In 1906, when Markov began developing his ideas about chains of linked probabilities, he was 50 years old and had already retired, although he still taught occasional courses. His retirement was active in another way as well. In 1883 Markov had married Maria Valvatieva, the daughter of the owner of the estate his father had once managed. In 1903 they had their first and only child, a son who was also named Andrei Andreevich. The son became a distinguished mathematician of the Soviet era, head of the department of mathematical logic at Moscow State University. (To the consternation of librarians, both father and son signed their works “A. A. Markov.”)
An intellectual thread extends all the way from Jacob Bernoulli through Chebyshev to Markov. In Ars Conjectandi Bernoulli stated the law of large numbers, which says that if you keep flipping an unbiased coin, the proportion of heads will approach 1/2 as the number of flips goes to infinity. This notion seems intuitively obvious, but it gets slippery when you try to state it precisely and supply a rigorous proof. Bernoulli proved one version; Chebyshev published a broader proof; Markov offered further refinements.

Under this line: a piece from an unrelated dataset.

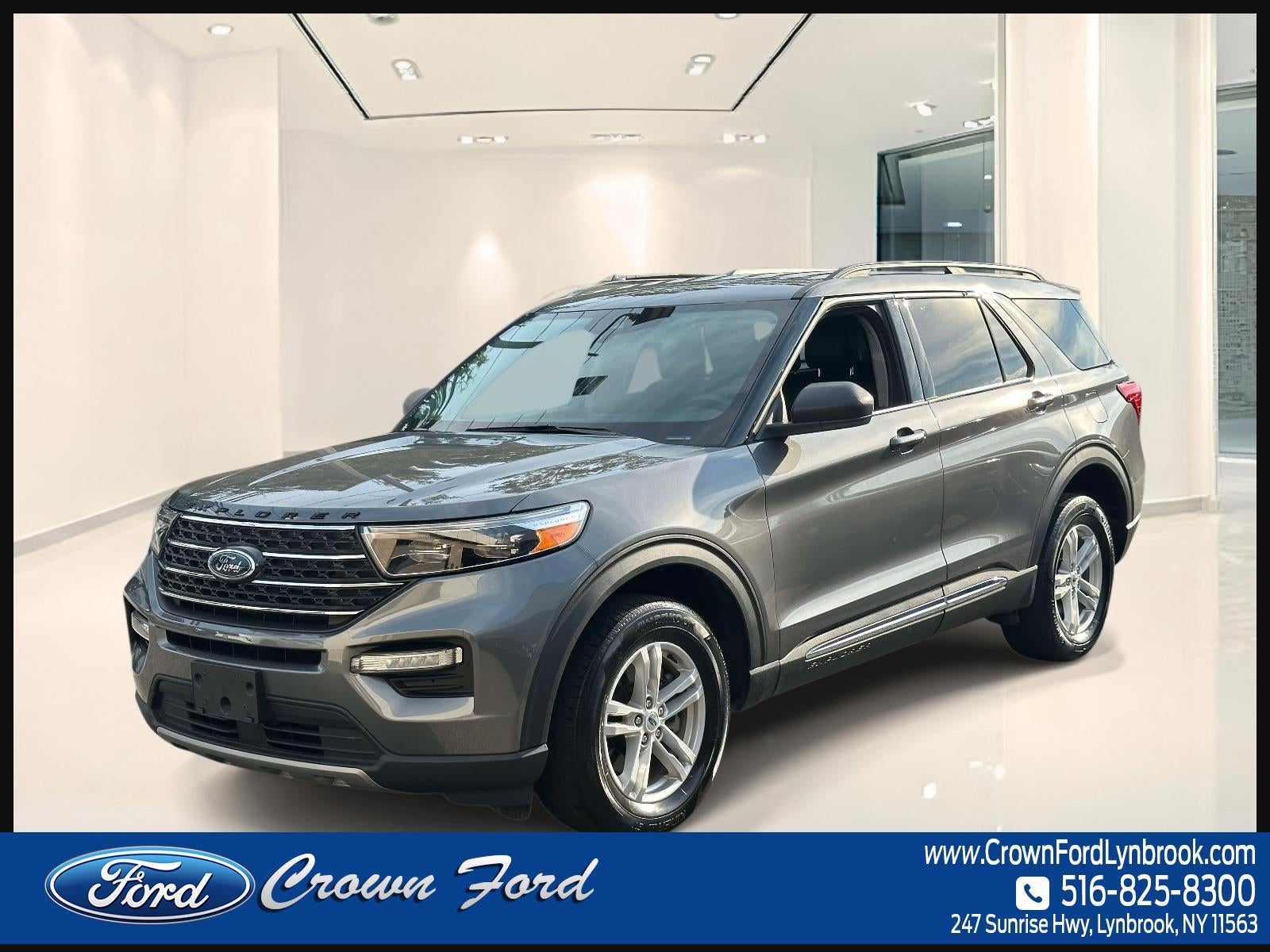2023 Ford Explorer XLT 4WD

Markov’s later studies of chains of dependent events can be seen as a natural continuation and generalization of this long line of work. But that’s not the whole story.
By most accounts, Markov was a nettlesome character, abrasive even with friends, fiercely combative with rivals, often embroiled in public protests and quarrels. We get a glimpse of his personality from his correspondence with the statistician Alexander Chuprov, which has been published in English translation. His letters to Chuprov are studded with dismissive remarks denigrating others’ work—including Chuprov’s.
Markov’s pugnacity extended beyond mathematics to politics and public life. When the Russian church excommunicated Leo Tolstoy, Markov asked that he be expelled also. (The request was granted.) In 1902, the leftist writer Maxim Gorky was elected to the Academy, but the election was vetoed by Tsar Nicholas II. In protest, Markov announced that he would refuse all future honors from the tsar. (Unlike Anton Chekhov, however, Markov did not resign his own membership in the Academy.) In 1913, when the tsar called for celebrations of 300 years of Romanov rule, Markov responded by organizing a symposium commemorating a different anniversary: the publication of Ars Conjectandi 200 years before.
Markov’s strongest vitriol was reserved for another mathematician, Pavel Nekrasov, whose work Markov described as “an abuse of mathematics.” Nekrasov was on the faculty of Moscow University, which was then a stronghold of the Russian Orthodox Church. Nekrasov had begun his schooling at a theological seminary before turning to mathematics, and apparently he believed the two vocations could support each other.
In a paper published in 1902 Nekrasov injected the law of large numbers into the centuries-old theological debate about free will versus predestination. His argument went something like this: Voluntary acts—expressions of free will—are like the independent events of probability theory, with no causal links between them. The law of large numbers applies only to such independent events. Data gathered by social scientists, such as crime statistics, conform to the law of large numbers. Therefore the underlying acts of individuals must be independent and voluntary.
Markov and Nekrasov stood at opposite poles along many dimensions: A secular republican from Petersburg was confronting an ecclesiastical monarchist from Moscow. But when Markov launched his attack on Nekrasov, he did not dwell on factional or ideological differences. He zeroed in on a mathematical error. Nekrasov assumed that the law of large numbers requires the principle of independence. Although this notion had been a commonplace of probability theory since the time of Jacob Bernoulli, Markov set out to show that the assumption is unnecessary. The law of large numbers applies perfectly well to systems of dependent variables if they meet certain criteria.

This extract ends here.